On 13 September 2010, the EU Council adopted a political agreement on the draft regulation concerning the labelling of textile products, although without Italy’s backing.

Italy voted against the agreement, because a provision obliging manufacturers to indicate the country of origin on textile labelling was not included in the Council text. The European Parliament and the European Commission have supported the inclusion of such a provision.

Hong Kong sellers may recall that on 18 May 2010, the European Parliament had adopted a legislative resolution on a technical proposal from the Commission on textile names and related labelling of textile products. The new proposed Regulation, which aims to replace Directives 73/44/EC, 96/73/EC and 96/74/EC, is intended to simplify the EU’s regulatory framework on the development and use of textile products.

However, the European Parliament also took the opportunity to propose clearer rules on origin marking.

Currently, “made in” labelling for textiles is voluntary, but in practice it depends on national laws. Members of the European Parliament (MEPs) have argued that the EU should align itself with the situation in different countries where country of origin labelling is more strictly regulated, such as in mainland China, the US and Japan, by making origin labelling compulsory.

In consequence, the European Parliament proposed conditions and rules for how origin labelling should be determined and how such labelling should be affixed. The Parliament also set out detailed requirements for determining the indication of origin for textile products imported from third countries, with reference to rules on non-preferential origin, as set out in the Community Customs Code (Regulation 450/2008) which provides that:

  • Goods wholly obtained in a single country or territory shall be regarded as having their origin in that country or territory;
  • Goods the production of which involved more than one country or territory shall be deemed to originate in the country or territory where they underwent their last substantial transformation.

Interestingly for Hong Kong traders, the Member States (except for Italy) rejected the European Parliament’s amendments and adopted a text similar to the Commission’s initial technical proposal, thus maintaining the divergence of origin labelling rules between the EU and its trade partners. Most importantly, they failed to include the proposal that it should become compulsory to label textiles with the country of origin.

In a press release of 13 September 2010, the Council stated that the future Regulation should contain provisions to improve the system in order to:

  • further harmonise the names of textile fibres and the indications appearing on labels, markings and documents which accompany textile products at the various stages of their production, processing and distribution, and;
  • ensure that correct information is made available to consumers in the EU.

The Council-adopted text will now be forwarded to the European Parliament for a second reading. The European Parliament may continue to insist on origin labelling in which case adoption of the final text may be delayed, while the institutions battle it out.

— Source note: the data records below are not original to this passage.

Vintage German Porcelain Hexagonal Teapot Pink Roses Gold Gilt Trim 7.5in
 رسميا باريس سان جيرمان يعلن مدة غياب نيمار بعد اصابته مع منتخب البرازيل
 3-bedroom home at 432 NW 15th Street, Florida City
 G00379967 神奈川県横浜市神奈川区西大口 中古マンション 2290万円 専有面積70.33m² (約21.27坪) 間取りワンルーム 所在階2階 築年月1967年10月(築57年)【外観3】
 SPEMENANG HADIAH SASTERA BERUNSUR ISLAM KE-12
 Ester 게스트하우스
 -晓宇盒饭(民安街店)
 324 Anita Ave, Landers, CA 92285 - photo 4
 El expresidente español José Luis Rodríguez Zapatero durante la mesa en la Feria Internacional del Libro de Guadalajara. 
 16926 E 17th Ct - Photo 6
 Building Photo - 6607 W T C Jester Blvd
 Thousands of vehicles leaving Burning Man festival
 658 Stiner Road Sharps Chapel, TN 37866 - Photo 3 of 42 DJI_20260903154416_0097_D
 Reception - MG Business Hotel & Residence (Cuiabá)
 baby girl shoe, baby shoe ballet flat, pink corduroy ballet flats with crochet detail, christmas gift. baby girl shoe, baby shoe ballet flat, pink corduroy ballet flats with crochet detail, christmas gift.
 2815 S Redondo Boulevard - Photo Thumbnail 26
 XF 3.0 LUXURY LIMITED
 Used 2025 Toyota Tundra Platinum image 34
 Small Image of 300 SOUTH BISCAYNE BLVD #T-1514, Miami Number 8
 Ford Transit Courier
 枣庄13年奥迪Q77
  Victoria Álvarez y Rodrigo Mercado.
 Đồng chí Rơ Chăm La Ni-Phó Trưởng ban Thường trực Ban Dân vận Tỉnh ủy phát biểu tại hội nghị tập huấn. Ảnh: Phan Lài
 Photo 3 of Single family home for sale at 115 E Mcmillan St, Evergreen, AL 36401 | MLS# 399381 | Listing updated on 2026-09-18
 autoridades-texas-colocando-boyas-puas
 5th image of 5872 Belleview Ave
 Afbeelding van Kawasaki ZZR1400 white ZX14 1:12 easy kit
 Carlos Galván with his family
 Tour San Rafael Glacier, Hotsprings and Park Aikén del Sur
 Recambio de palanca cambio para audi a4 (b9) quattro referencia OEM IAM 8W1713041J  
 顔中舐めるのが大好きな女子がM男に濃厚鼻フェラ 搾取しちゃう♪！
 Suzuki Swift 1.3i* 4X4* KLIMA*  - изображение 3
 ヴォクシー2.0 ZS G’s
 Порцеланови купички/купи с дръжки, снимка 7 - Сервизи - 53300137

Hong Kong businesses should, however, be aware that the European Parliament, apart from proposing amendments to the Commission’s proposal, also asked that the Commission submit a report regarding possible new EU labelling requirements. The report should, the Parliament demanded, be based on stakeholder consultations and be accompanied by legislative proposals where appropriate. Hong Kong’s textile and clothing traders should therefore keep an eye out for the following labelling issues, which will be dealt with in the requested report and which could potentially be the subject of future legislation:

  • A harmonised care labelling system (this is currently voluntary);
  • An EU-wide uniform size labelling system for clothing and footwear;
  • An indication of any potentially allergenic or hazardous substance used in the manufacture or processing of textile products;
  • Ecological labelling relating to the environmental performance and sustainable production of textile products;
  • Social labelling to inform consumers about the social conditions under which a textile product was produced;
  • Warning labels with regard to the flammability performance of textile products, in particular high fire-hazard clothing;
  • Electronic labelling, including Radio-Frequency Identification (RFID);
  • The inclusion of an identification number on the label which can be used to obtain additional on-demand information about the product, for instance via the internet;
  • The use of language-independent symbols for identifying the fibres used for the manufacture of a textile product, enabling the consumer to easily understand its composition (and, in particular, whether the fibres used are natural or synthetic).

The Parliament also asked that the Commission, two years after the draft Regulation has been approved and entered into force, carry out a study which will assess whether substances used in the production or processing of textile products represent a hazard to human health. The Parliament’s intention with the study is to evaluate whether there is a causal link between allergic reactions and synthetic fibres, colourings, biocides, preservatives or nanoparticles used in textile products. Any such study could potentially lead to further legislative proposals, and the possible ban on or restriction of the use of certain substances in textile products.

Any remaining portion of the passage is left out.